2021 BMW 440i Convertible
The 2021 BMW 440i is all new, and it represents the latest generation of the venerable 3-series BMW, which dates back to—OMG, can it have been that long ago?—1977. The original E21 320i, which was available only as a two-door coupe back then and is a favorite of mine, added significantly to BMW’s nascent popularity in the U.S. during its run, and it remains popular with enthusiasts today.
The following E30 generation of the 3-series moved the sales needle even more, due in part to its prominent positioning in the 1986 cinematic phenomenon, “Pretty in Pink”, and the 3-series has been a mainstream vehicle here ever since.
In 2014, BMW decided to rebadge their two-door 3-series models as 4-series, and now we live in a world where there are 3- and 4-series BMWs built on the same platform.
Last year, the 4-series further distanced itself from its 3-series sibling with a new and controversial grille. The automotive press is split on it—I’d say they’re 60% negative and 40% positive—but I like it.
That grille was on the 440i convertible that I tested recently, and I think it works on the 4-series coupe and convertible, as well as the ultra-sporty M3 sedan, where it also resides (I’m not a fan of the big grille on the 4-series Gran Coupe, by the way). But I can understand the negativity. Do I think it looks like beaver teeth, a 1950s Edsel, or any number of other pejorative descriptors I’ve read? No.
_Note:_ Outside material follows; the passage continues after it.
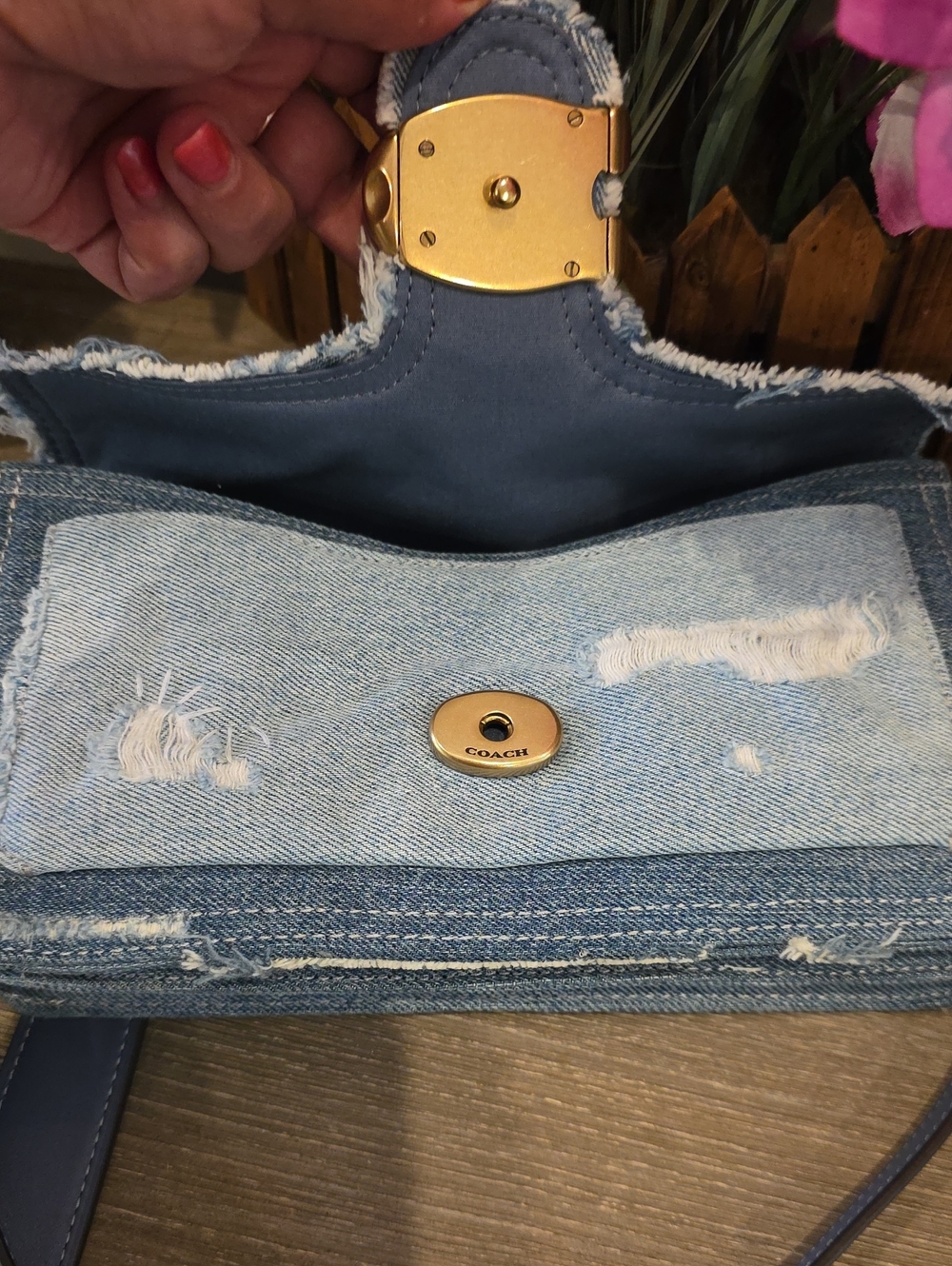 Coach Upcycled By Coach NWT Denim Tabby 26 - Picture 13 of 14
The rest of the 440i’s exterior looks crisp and modern, as you’d expect. The car is around the size of a Ford Mustang, which is the right size for its target customer: a 50-ish man or woman in their peak earning years who doesn’t need to do a lot of ferrying kids hither and yon. The styling features a blend of curves and creases that just work, and the squinting head- and tail-lights emphasize the sleekness of this design. I’m not a BMW fanboy, but I think it would take a clear anti-BMW bias not to call the 440i convertible handsome.
Interestingly, luxury convertibles have moved full circle when it comes to their tops. In the 1960s all convertible tops were cloth, and it stayed like that until retractable steel tops became popular in the late 1990s. It seemed like those tops might take over completely, and then about 10 years ago cloth tops made a comeback, and now retractable hardtops are gone.
Inside the 440i, everything’s just where you left it the last time you drove any modern BMW. An iDrive wheel sits on the center console and controls all of the functions on the central screen, except now you can also do everything that iDrive does using your finger, because it’s a touchscreen. And the gauges, which look mostly the same, are now virtual.
The materials and surfaces look and feel lux, except for a few exceptions here and there. And sitting in the 440i is a very pleasant experience thanks to the excellent tech and careful attention to detail in the selection of those materials. It used to be that only Audi seemed to care about making interiors that looked and felt like they were worth the extra money, but now every mainstream luxury automaker does too.
Driving the 440i is equally pleasant. It’s seriously quick thanks to a 382hp turbocharged in-line six-cylinder engine that now has a 48-volt mild hybrid assist (its 0-60 time is 5.1 seconds). However, electrically assisted steering (that’s too light for me), a suspension that’s set up to favor ride quality over handling, and, mostly, a curb weight of 4171lbs mean that this BMW is more comfortable cruising into town for dinner than attacking your favorite back road.
Pricing starts at just under $65,000 for the 440i convertible, but choosing the four-cylinder 430i convertible saves around $11,000 and doesn’t really lose you that much (mainly the rich in-line six sound and some performance).
As always in a German car, adding options or option packages, which are numerous, can result in a much more expensive car than you’re expecting. It’s never a good idea to configure a vehicle like this after a couple of glasses of wine.
Fuel economy is 23mpg city and 31mpg highway (the 430i version is 24/33, not that much better).
BMW’s 4- and 3-series cars are perennially popular, and they continue the legacy of some wonderful predecessors, particularly the E21 and E30 models that many of us remember fondly from our youth. While the 440i convertible is heavier and less nimble than those classic BMWs used to be, it’s still an excellent car that will appeal to successful professionals who don’t need to haul kids around.